Special Events

Will Cook, Cambridge DAMTP
Black-hole head-on collisions in higher dimensions

Abstract: In four dimensional General Relativity the properties of gravitational waves emitted in BH-BH mergers have been extensively studied using numerical relativity, largely in astrophysical settings. Understanding higher dimensional BH-BH collisions is an important goal for numerical relativity, firstly in order to observe the behaviour of the theory in its most extreme, non-linear regime, and also due to its applications to areas of high energy physics such as TeV gravity theories. In this work we present for the first time full non-linear simulations of head-on BH-BH collisions in up to 10 dimensions and present an analysis of the gravitational radiation emitted. We use a new method for analysis of the radiation, analogous to the well known Weyl scalar method based on the Newman-Penrose formalism in 4D. We find that as the number of dimensions is increased, the energy emitted in gravitational radiation is suppressed. We also present a comparison of our numerical data with point particle calculations.

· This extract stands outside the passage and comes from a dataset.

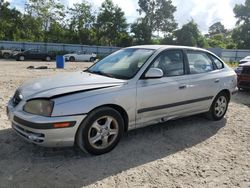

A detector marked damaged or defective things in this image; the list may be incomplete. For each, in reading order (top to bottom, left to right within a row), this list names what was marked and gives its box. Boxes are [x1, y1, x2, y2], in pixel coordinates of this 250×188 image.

damaged vehicle [5, 45, 236, 154]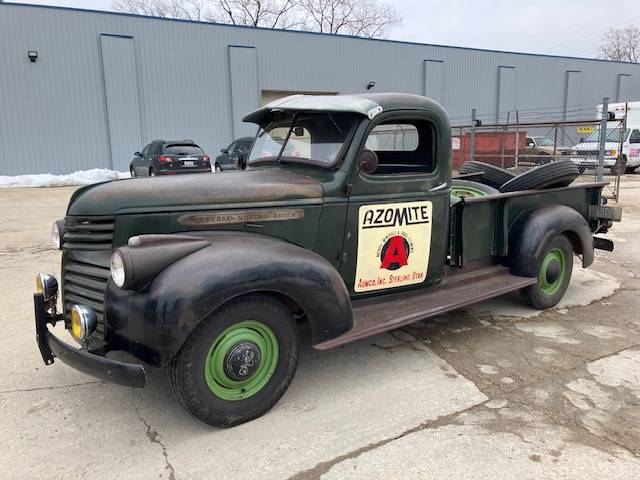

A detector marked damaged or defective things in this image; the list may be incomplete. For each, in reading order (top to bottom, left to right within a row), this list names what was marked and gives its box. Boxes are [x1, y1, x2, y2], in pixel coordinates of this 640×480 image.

cracked concrete [3, 177, 640, 480]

Jerome Quintin, McGill University
Saving the Matter Bounce with Massive Gravity?

I will review the idea behind the matter bounce scenario as an alternative to inflation and highlight two of its problems: its instability with respect to anisotropies and its large tensor-to-scalar ratio. I will present two tentative resolutions to the latter in which curvature perturbations are effectively enhanced, but I will argue that these approaches are not viable because they always lead to the production of large non-Gaussianities. I will then show that a more robust resolution (to both problems) would be to consider a theory in which the graviton has a non-trivial mass, but I will also discuss the limitations of such a theory.

Stefano Lucat, Utrecht University
Cosmological singularities and bounce in Cartan-Einstein theory

I will discuss the dynamics of a collapsing (homogeneous and isotropic) universe, and show that torsion induced interactions can prevent the universe from reaching a singularity, but lead to a regular bounce. This dynamic can be understood as the formation of fermionic condensate(s), which lowers the energy density of the fermions effectively slowing down the gravitational collapse. Before a singularity is reached, in fact, the null energy condition gets violated, and the energy density of the fermionic field reaches zero. At this point all the initial energy has been converted in a negative pressure, which causes the universe to re-expand. This process is possible because the energy density lost by the fermionic field is simply converted in the more energetically favourable condensate state, and will eventually come back as the universe cools down and gets bigger. I will discuss both classical and semi-classical treatment of this problem.

Markus Kunesch, Queen Mary University of London
Investigating singularities with numerical relativity

Our recent numerical simulations demonstrated that in higher dimensions even asymptotically flat black holes can break and give rise to naked singularities. This shows that if cosmic censorship were to hold in our universe, it would be a special property of four dimensional spacetimes. I will describe these results and outline other applications of the same numerical relativity code to cosmology, astrophysics, and AdS/CFT.